And, I’ll be honest, so far I’ve found Javicia Leslie only passable when she’s playing Ryan as grim and intense. It’s when she plays Ryan’s carefree, excitable moments that she really brings the charisma.
Plus, this ep got Mary directly involved in the case of the week, which always earns extra goodwill from me.
I’m sure we’ll be back to the dark and intense Black Mask/Safiyah/Alice plots soon enough, but as much as they can in the episodes remaining: more of this, please.
- Maybe not a good idea to have Batwoman call out the Crows for their unethical behavior mere seconds after she threatened to break a suspect’s bones. Like, I legit can’t tell if the writers are building to Ryan realizing she’s Not So Different from the Crows, or if it’s just cognitive dissonance: that they wanted this season to speak out against police brutality, but never drew a connection between that and how they depict superhero brutality.
Black Lightning 4×11: “The Book of Reunification: Chapter Two”
I don’t usually have a whole lot to say about Black Lightning here. It’s not that there isn’t stuff to talk about, but this season is very much in hyper-serialized mode, where each episode is focused on laying building blocks in the season-long story. As such, I’ve mainly been waiting to see how this all wraps up before making up my mind about anything.
But with only two more episodes left … I’m starting to get worried. ‘Cause with what’s in play right now, I’m not sure if they have the tools to deliver a satisfying series finale. The season so far has neither felt particularly grand in stakes, nor has it felt like a particularly deep dive into the characters. Well, during the first half of the season, it looked like they might be going the character heavy route, with lots of psychological counseling, aftereffects of trauma, and Jefferson refusing to become Black Lightning again. But now that’s all been either dropped or resolved, and it kinda feels like they’re just ticking off plot beats, without a sense that we’re building to anything special.
What this back half of the season has been best at is building hype for a Painkiller spinoff. The guy’s got panache, and the setup for him and Ishmael to duel has definitely got me excited. I just hope the inevitable Pierces v. Whale battle proves worthy, too.
- There’s a vein of radioactive metal underneath Freeland. That’s concerning. Especially since the series is almost over; the whole city getting blown up or irradiated could legitimately happen now.
- Tobias has an immortal gangster with a grudge against him encased in concrete and sitting in his living room, where any superpowered attack against him is liable to break him free to unleash great vengeance and furious anger. This guy has just never heard of hubris, has he?
The Flash 7×09: “Timeless”
This was …
This was an episode where I applaud the ambition of what The Flash was going for, but they just did not have the proper setup to make it work.
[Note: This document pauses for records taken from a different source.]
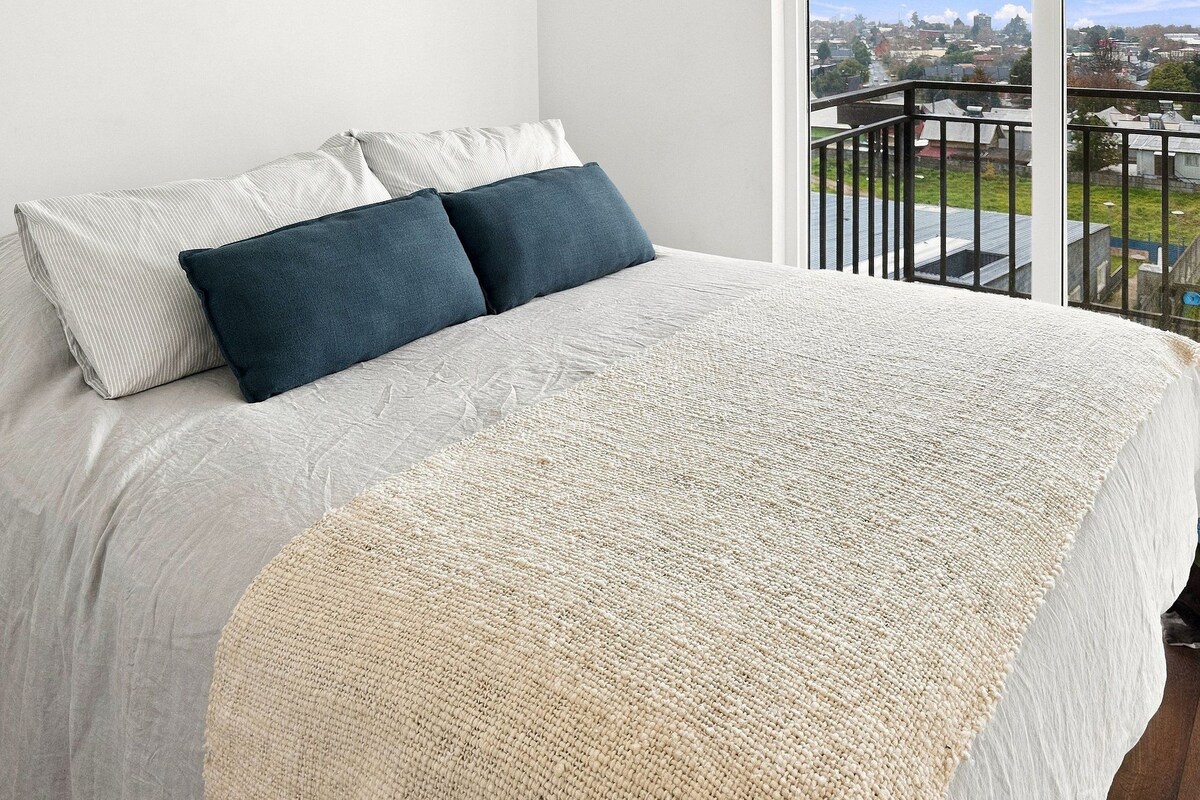 A bed with a white and beige blanket, two pillows, and a view of a cityscape through a balcony railing.
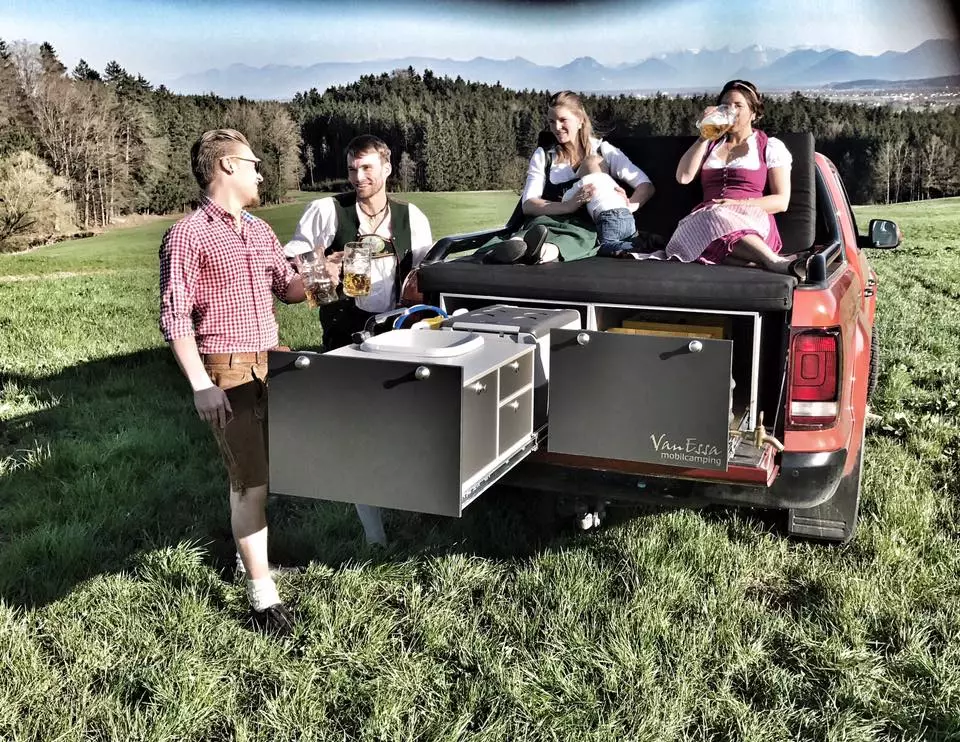 One side contains the full kitchen area, and the other has a general storage tray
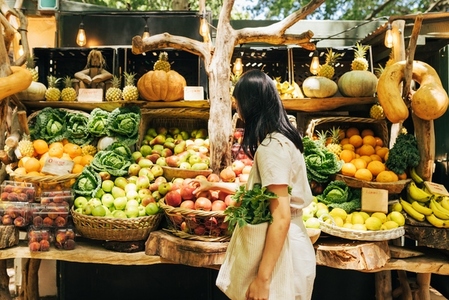 Side view of a young woman with a bag looking at vegetables and fruits at a local outdoor market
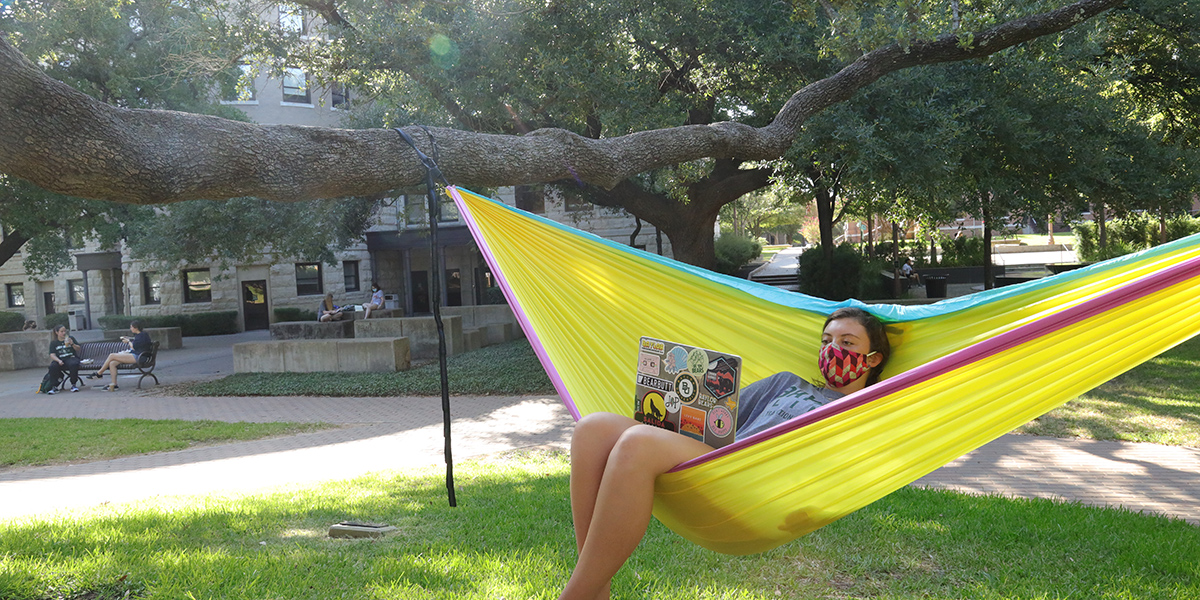 A Baylor student in a hammock outside Carroll Science Hall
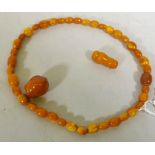 A vintage amber bead necklace and two loose beads, 24g, 36cm long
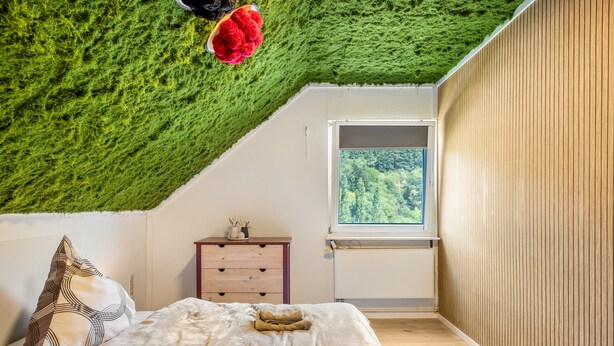 A bedroom with a sloped ceiling covered in green moss, a bed with white bedding, a nightstand with a lamp, and a window with a view of trees.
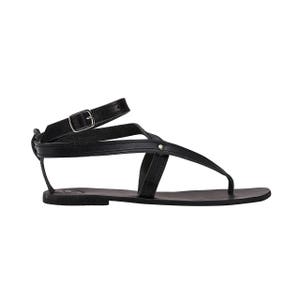 May include: Black leather sandals with a buckle strap and a simple design.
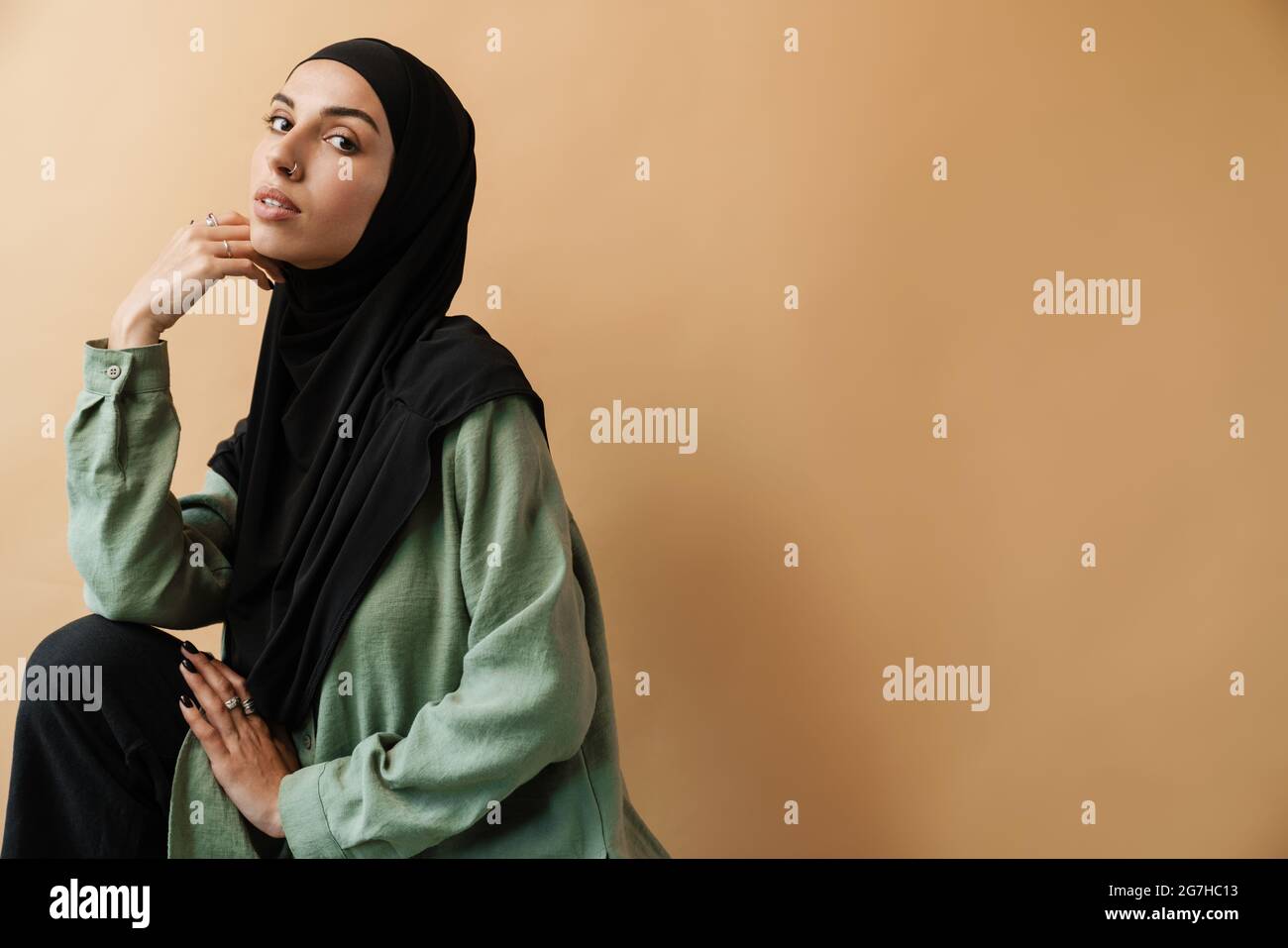 A muslim woman in hijab posing and looking at the camera while standing ...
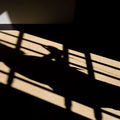 A shadow is cast of a cell door of a male prison on March 15, 2017, in Wrexham, Wales.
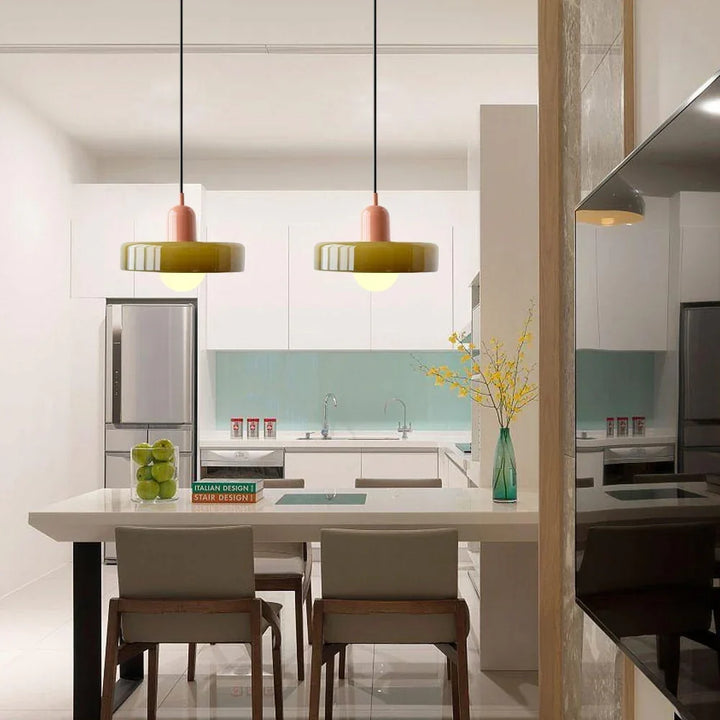 Deux suspensions à verre vert olive et capuchon rose au-dessus d'un îlot de cuisine blanche moderne avec chaises en bois. 27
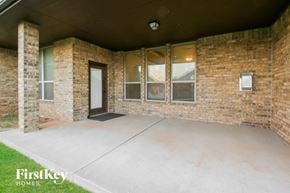 Mustang house for rent - an empty porch in a brick building with a door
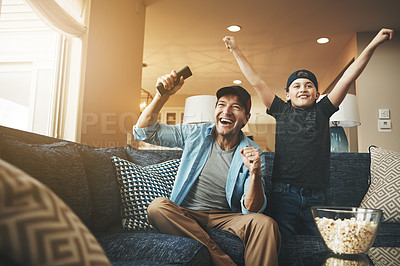Buy stock photo Shot of an enthusiastic father and son watching a sports match on tv at home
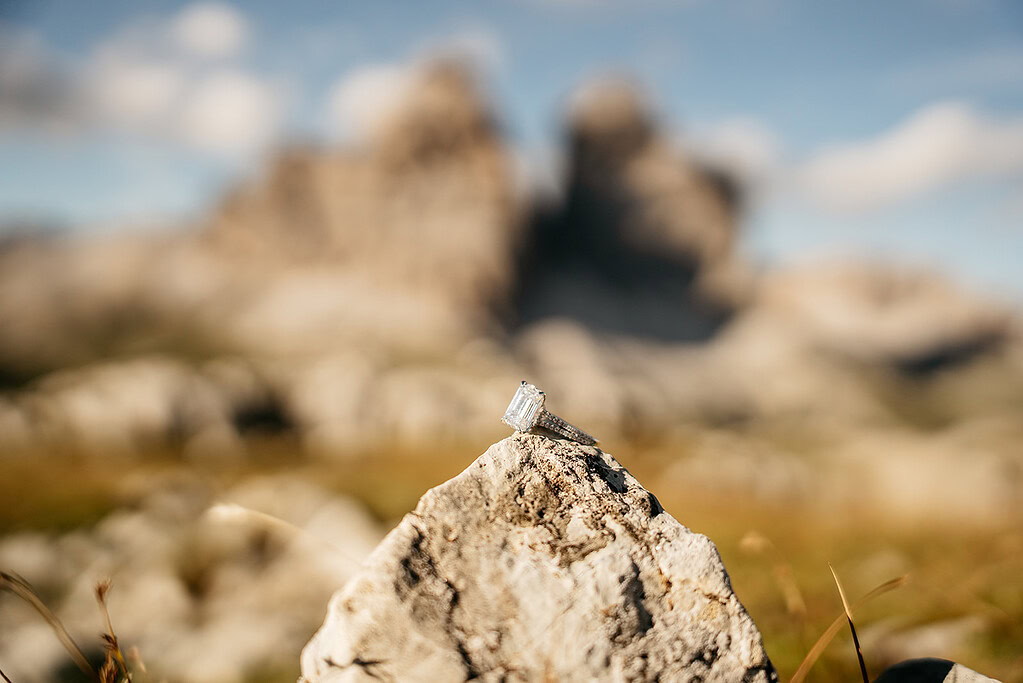 Diamond ring on a rock, mountain background.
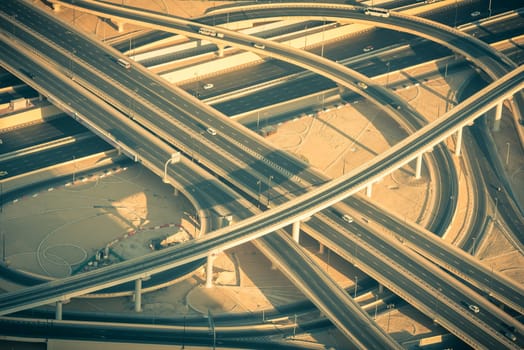 Top view of highway interchange in Dubai, UAE. Toned shot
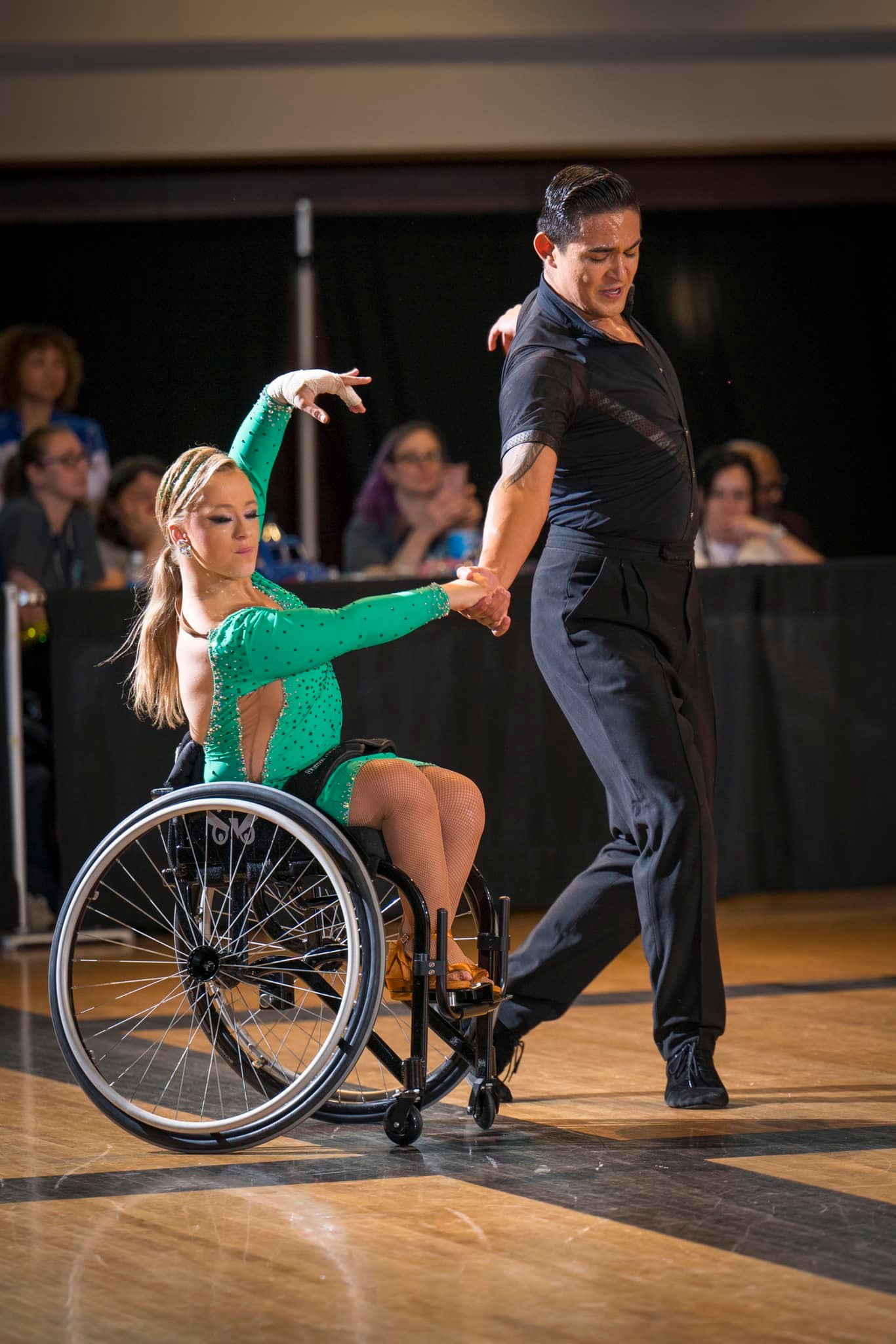 A woman in a wheelchair dances in a green sequin dress with a standing partner in a black suit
If the New Forces introduced this season had all been like the Speed Force, cosmic entities who have taken human form so they can act on Earth? Then this could have been dynamite. Barry would be trying to prevent their creation with the best of intentions, but slowly comes to realize that, while they may not be human, they are still living, feeling beings, beings he created. When Barry and Wells watch the birth of the Forces, it creates a genuine sense of awe, that we’re seeing something new and wondrous coming into the world, leading to the conclusion that it’s wrong to deny them their existence.
But that’s not how the New Forces have been set up. Instead, their exact nature has been muddled by bonding them to human avatars. It’s thus left unclear whether the Forces have identities or personalities of their own, or if they’re simply bundles of energy that give people superpowers, no different from a chunk of dark matter. It’s hard to get onboard with Iris and eventually Barry referring to the Forces as their children, talking about how they have a right to exist, when the show hasn’t given any clear evidence that the Forces are actual people.
And even if you approach it from the “stripping people of their superpowers, even villains, is unacceptable” angle, it’s still unclear if that’s what’s happening, given the timey-wimey nature of Barry’s plan. If he’d gone through with it, would Deon and Psych suddenly find themselves without their powers? Or would it be that they’d never had their powers in the first place, so there’d be no sense of loss to deal with?
This episode aims big, and has an interesting idea behind it, but it just assumes the audience will share its view on what the Forces are what preventing their creation will do, despite never demonstrating for the audience why they should think that. Which (for me at least) leaves it a frustrating mess.
- I will say, the scene where Deon showed up at Star Labs? That was a fantastic bit of understated menace. Makes me hope they do a lot more with the character, and don’t just have the Nora Force kill him between episodes.
- It feels like Iris has lost sight of the fact that the Speed Force and Nora Allen aren’t actually the same person. Either that or the writers have. Not sure.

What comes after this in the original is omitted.